Requirement: Reproduce each line of the material precisely.

==== Dataset entries ====

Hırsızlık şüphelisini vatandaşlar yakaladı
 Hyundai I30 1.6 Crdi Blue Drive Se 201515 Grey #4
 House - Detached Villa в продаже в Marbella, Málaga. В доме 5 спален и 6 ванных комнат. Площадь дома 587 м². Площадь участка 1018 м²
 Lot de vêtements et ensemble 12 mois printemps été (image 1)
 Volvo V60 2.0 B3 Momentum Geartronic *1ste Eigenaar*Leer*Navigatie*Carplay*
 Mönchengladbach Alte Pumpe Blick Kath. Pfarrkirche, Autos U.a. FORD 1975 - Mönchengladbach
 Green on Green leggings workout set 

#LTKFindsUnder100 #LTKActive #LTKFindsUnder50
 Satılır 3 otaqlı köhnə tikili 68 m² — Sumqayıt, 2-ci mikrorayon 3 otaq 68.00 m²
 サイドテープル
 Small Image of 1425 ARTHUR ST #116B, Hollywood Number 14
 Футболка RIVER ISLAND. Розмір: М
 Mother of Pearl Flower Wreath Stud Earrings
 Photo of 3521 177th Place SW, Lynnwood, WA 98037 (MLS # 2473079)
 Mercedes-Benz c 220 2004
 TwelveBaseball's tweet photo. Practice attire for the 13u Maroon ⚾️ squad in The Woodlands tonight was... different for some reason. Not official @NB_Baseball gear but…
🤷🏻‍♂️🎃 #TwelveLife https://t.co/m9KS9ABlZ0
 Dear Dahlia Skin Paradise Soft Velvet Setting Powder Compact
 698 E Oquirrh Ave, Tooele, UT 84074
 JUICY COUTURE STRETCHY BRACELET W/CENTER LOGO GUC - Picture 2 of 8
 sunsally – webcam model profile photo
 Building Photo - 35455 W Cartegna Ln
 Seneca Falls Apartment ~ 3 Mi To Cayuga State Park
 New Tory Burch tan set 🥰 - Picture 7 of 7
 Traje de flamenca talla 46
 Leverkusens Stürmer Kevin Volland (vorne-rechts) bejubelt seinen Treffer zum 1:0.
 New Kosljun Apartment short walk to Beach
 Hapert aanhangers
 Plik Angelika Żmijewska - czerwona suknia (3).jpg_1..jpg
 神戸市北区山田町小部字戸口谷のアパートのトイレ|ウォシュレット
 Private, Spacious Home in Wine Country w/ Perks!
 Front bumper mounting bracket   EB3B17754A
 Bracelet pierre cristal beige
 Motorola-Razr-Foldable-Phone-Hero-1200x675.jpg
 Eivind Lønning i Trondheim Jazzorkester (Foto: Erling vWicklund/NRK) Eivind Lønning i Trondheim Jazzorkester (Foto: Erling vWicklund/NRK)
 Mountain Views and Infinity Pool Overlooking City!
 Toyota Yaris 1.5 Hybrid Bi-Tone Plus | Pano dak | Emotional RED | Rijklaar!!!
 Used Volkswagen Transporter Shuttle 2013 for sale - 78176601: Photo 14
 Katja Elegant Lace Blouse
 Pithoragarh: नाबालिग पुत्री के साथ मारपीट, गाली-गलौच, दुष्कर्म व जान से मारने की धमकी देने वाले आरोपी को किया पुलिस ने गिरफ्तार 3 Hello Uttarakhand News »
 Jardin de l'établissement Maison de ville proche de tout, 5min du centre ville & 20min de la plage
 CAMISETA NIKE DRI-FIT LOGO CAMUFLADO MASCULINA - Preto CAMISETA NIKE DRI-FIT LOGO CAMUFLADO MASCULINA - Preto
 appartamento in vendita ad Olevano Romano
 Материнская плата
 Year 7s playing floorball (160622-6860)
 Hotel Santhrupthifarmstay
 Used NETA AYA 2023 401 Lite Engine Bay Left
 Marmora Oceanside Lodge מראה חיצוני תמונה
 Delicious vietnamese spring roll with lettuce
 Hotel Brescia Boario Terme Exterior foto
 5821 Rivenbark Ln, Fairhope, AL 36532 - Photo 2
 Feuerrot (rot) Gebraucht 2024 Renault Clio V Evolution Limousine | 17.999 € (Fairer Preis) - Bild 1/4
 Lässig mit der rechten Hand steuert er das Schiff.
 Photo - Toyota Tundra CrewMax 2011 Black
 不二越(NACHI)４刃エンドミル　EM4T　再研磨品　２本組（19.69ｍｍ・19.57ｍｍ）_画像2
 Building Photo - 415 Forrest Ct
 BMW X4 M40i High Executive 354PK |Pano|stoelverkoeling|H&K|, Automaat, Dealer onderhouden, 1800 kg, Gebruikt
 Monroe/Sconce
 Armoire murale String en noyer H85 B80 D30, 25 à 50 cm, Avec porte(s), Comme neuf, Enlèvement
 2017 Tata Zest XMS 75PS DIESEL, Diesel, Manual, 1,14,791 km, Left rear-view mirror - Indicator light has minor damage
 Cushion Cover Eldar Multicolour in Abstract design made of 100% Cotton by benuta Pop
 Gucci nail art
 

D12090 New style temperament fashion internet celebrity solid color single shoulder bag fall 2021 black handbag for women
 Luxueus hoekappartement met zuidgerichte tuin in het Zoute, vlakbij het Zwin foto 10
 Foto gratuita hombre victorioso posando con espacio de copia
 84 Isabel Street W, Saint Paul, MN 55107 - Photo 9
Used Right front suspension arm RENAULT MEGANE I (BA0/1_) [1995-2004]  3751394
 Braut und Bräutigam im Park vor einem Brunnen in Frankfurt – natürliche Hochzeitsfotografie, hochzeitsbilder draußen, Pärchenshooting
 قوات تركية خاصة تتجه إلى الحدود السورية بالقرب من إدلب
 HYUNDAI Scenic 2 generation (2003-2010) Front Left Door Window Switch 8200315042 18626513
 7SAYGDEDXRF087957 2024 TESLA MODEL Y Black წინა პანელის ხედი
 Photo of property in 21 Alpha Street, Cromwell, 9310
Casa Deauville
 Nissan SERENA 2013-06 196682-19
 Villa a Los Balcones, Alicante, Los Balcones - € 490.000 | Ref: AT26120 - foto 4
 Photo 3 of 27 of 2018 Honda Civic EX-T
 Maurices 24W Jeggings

====

Response to this exercise:
Hırsızlık şüphelisini vatandaşlar yakaladı
 Hyundai I30 1.6 Crdi Blue Drive Se 201515 Grey #4
 House - Detached Villa в продаже в Marbella, Málaga. В доме 5 спален и 6 ванных комнат. Площадь дома 587 м². Площадь участка 1018 м²
 Lot de vêtements et ensemble 12 mois printemps été (image 1)
 Volvo V60 2.0 B3 Momentum Geartronic *1ste Eigenaar*Leer*Navigatie*Carplay*
 Mönchengladbach Alte Pumpe Blick Kath. Pfarrkirche, Autos U.a. FORD 1975 - Mönchengladbach
 Green on Green leggings workout set 

#LTKFindsUnder100 #LTKActive #LTKFindsUnder50
 Satılır 3 otaqlı köhnə tikili 68 m² — Sumqayıt, 2-ci mikrorayon 3 otaq 68.00 m²
 サイドテープル
 Small Image of 1425 ARTHUR ST #116B, Hollywood Number 14
 Футболка RIVER ISLAND. Розмір: М
 Mother of Pearl Flower Wreath Stud Earrings
 Photo of 3521 177th Place SW, Lynnwood, WA 98037 (MLS # 2473079)
 Mercedes-Benz c 220 2004
 TwelveBaseball's tweet photo. Practice attire for the 13u Maroon ⚾️ squad in The Woodlands tonight was... different for some reason. Not official @NB_Baseball gear but…
🤷🏻‍♂️🎃 #TwelveLife https://t.co/m9KS9ABlZ0
 Dear Dahlia Skin Paradise Soft Velvet Setting Powder Compact
 698 E Oquirrh Ave, Tooele, UT 84074
 JUICY COUTURE STRETCHY BRACELET W/CENTER LOGO GUC - Picture 2 of 8
 sunsally – webcam model profile photo
 Building Photo - 35455 W Cartegna Ln
 Seneca Falls Apartment ~ 3 Mi To Cayuga State Park
 New Tory Burch tan set 🥰 - Picture 7 of 7
 Traje de flamenca talla 46
 Leverkusens Stürmer Kevin Volland (vorne-rechts) bejubelt seinen Treffer zum 1:0.
 New Kosljun Apartment short walk to Beach
 Hapert aanhangers
 Plik Angelika Żmijewska - czerwona suknia (3).jpg_1..jpg
 神戸市北区山田町小部字戸口谷のアパートのトイレ|ウォシュレット
 Private, Spacious Home in Wine Country w/ Perks!
 Front bumper mounting bracket   EB3B17754A
 Bracelet pierre cristal beige
 Motorola-Razr-Foldable-Phone-Hero-1200x675.jpg
 Eivind Lønning i Trondheim Jazzorkester (Foto: Erling vWicklund/NRK) Eivind Lønning i Trondheim Jazzorkester (Foto: Erling vWicklund/NRK)
 Mountain Views and Infinity Pool Overlooking City!
 Toyota Yaris 1.5 Hybrid Bi-Tone Plus | Pano dak | Emotional RED | Rijklaar!!!
 Used Volkswagen Transporter Shuttle 2013 for sale - 78176601: Photo 14
 Katja Elegant Lace Blouse
 Pithoragarh: नाबालिग पुत्री के साथ मारपीट, गाली-गलौच, दुष्कर्म व जान से मारने की धमकी देने वाले आरोपी को किया पुलिस ने गिरफ्तार 3 Hello Uttarakhand News »
 Jardin de l'établissement Maison de ville proche de tout, 5min du centre ville & 20min de la plage
 CAMISETA NIKE DRI-FIT LOGO CAMUFLADO MASCULINA - Preto CAMISETA NIKE DRI-FIT LOGO CAMUFLADO MASCULINA - Preto
 appartamento in vendita ad Olevano Romano
 Материнская плата
 Year 7s playing floorball (160622-6860)
 Hotel Santhrupthifarmstay
 Used NETA AYA 2023 401 Lite Engine Bay Left
 Marmora Oceanside Lodge מראה חיצוני תמונה
 Delicious vietnamese spring roll with lettuce
 Hotel Brescia Boario Terme Exterior foto
 5821 Rivenbark Ln, Fairhope, AL 36532 - Photo 2
 Feuerrot (rot) Gebraucht 2024 Renault Clio V Evolution Limousine | 17.999 € (Fairer Preis) - Bild 1/4
 Lässig mit der rechten Hand steuert er das Schiff.
 Photo - Toyota Tundra CrewMax 2011 Black
 不二越(NACHI)４刃エンドミル　EM4T　再研磨品　２本組（19.69ｍｍ・19.57ｍｍ）_画像2
 Building Photo - 415 Forrest Ct
 BMW X4 M40i High Executive 354PK |Pano|stoelverkoeling|H&K|, Automaat, Dealer onderhouden, 1800 kg, Gebruikt
 Monroe/Sconce
 Armoire murale String en noyer H85 B80 D30, 25 à 50 cm, Avec porte(s), Comme neuf, Enlèvement
 2017 Tata Zest XMS 75PS DIESEL, Diesel, Manual, 1,14,791 km, Left rear-view mirror - Indicator light has minor damage
 Cushion Cover Eldar Multicolour in Abstract design made of 100% Cotton by benuta Pop
 Gucci nail art
 

D12090 New style temperament fashion internet celebrity solid color single shoulder bag fall 2021 black handbag for women
 Luxueus hoekappartement met zuidgerichte tuin in het Zoute, vlakbij het Zwin foto 10
 Foto gratuita hombre victorioso posando con espacio de copia
 84 Isabel Street W, Saint Paul, MN 55107 - Photo 9
Used Right front suspension arm RENAULT MEGANE I (BA0/1_) [1995-2004]  3751394
 Braut und Bräutigam im Park vor einem Brunnen in Frankfurt – natürliche Hochzeitsfotografie, hochzeitsbilder draußen, Pärchenshooting
 قوات تركية خاصة تتجه إلى الحدود السورية بالقرب من إدلب
 HYUNDAI Scenic 2 generation (2003-2010) Front Left Door Window Switch 8200315042 18626513
 7SAYGDEDXRF087957 2024 TESLA MODEL Y Black წინა პანელის ხედი
 Photo of property in 21 Alpha Street, Cromwell, 9310
Casa Deauville
 Nissan SERENA 2013-06 196682-19
 Villa a Los Balcones, Alicante, Los Balcones - € 490.000 | Ref: AT26120 - foto 4
 Photo 3 of 27 of 2018 Honda Civic EX-T
 Maurices 24W Jeggings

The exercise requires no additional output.